>>>>
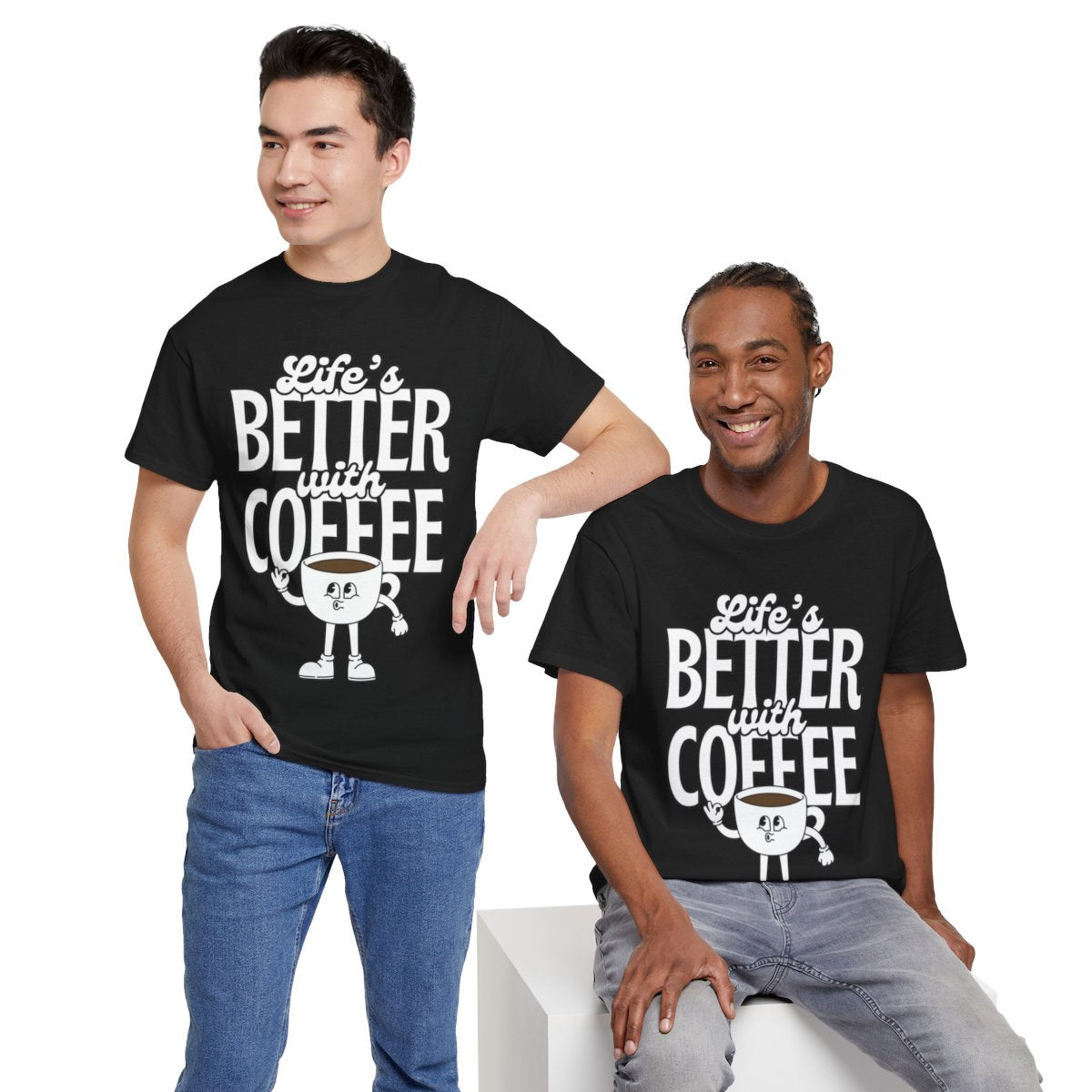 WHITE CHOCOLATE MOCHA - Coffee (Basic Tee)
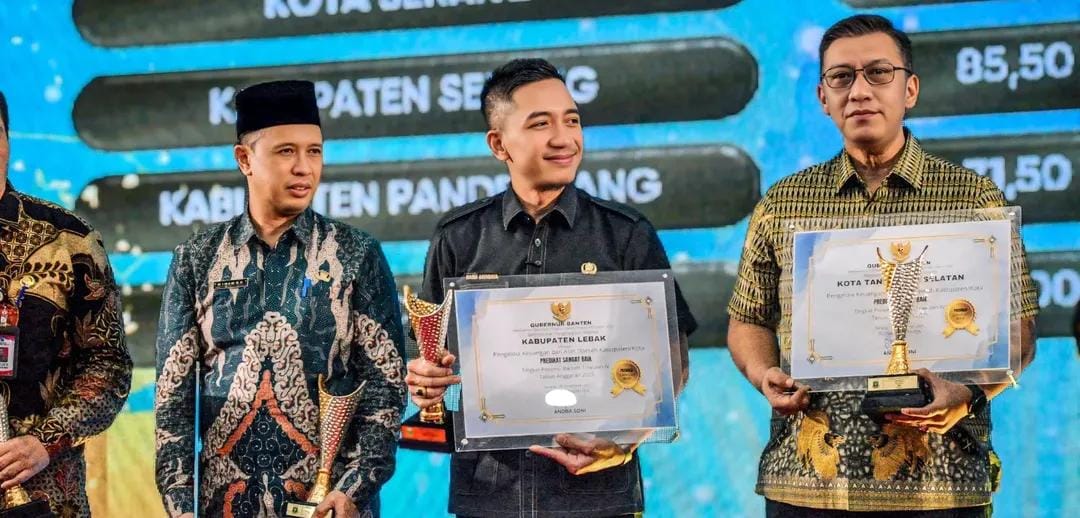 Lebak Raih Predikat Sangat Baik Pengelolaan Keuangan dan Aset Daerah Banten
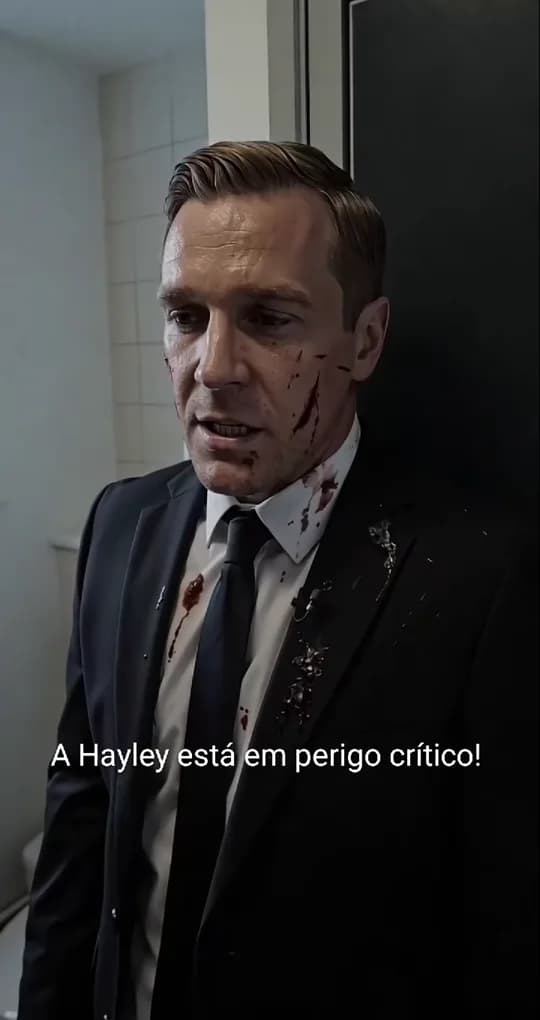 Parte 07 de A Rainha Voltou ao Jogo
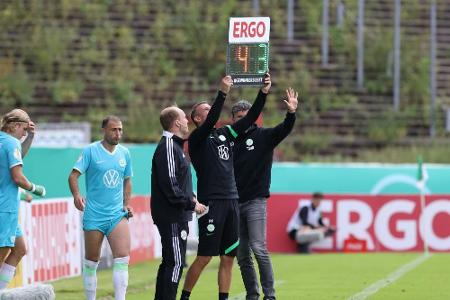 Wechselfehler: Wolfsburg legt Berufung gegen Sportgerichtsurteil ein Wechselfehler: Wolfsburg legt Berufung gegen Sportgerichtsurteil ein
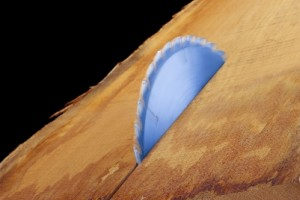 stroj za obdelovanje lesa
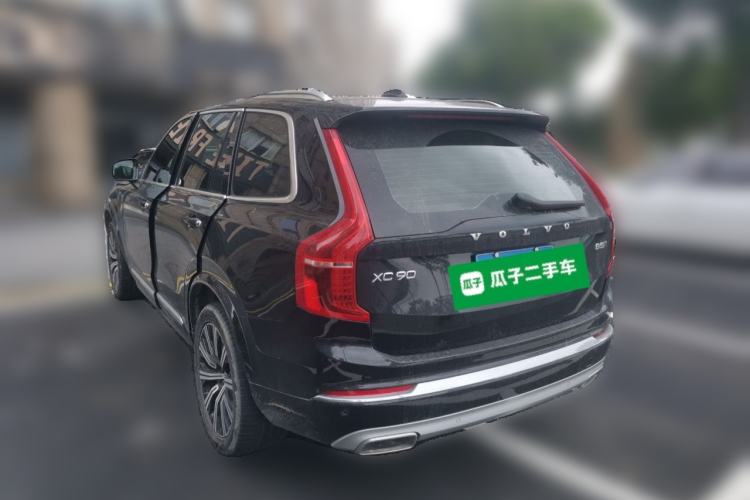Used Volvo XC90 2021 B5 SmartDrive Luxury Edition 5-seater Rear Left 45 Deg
<<<<
• REQUIREMENT: Write out exactly the lines above, from the very first through the line containing "Parte 07 de A Rainha Voltou ao Jogo", both kept, with the pictures removed.

• WRITTEN RESPONSE:
 WHITE CHOCOLATE MOCHA - Coffee (Basic Tee)
 Lebak Raih Predikat Sangat Baik Pengelolaan Keuangan dan Aset Daerah Banten
 Parte 07 de A Rainha Voltou ao Jogo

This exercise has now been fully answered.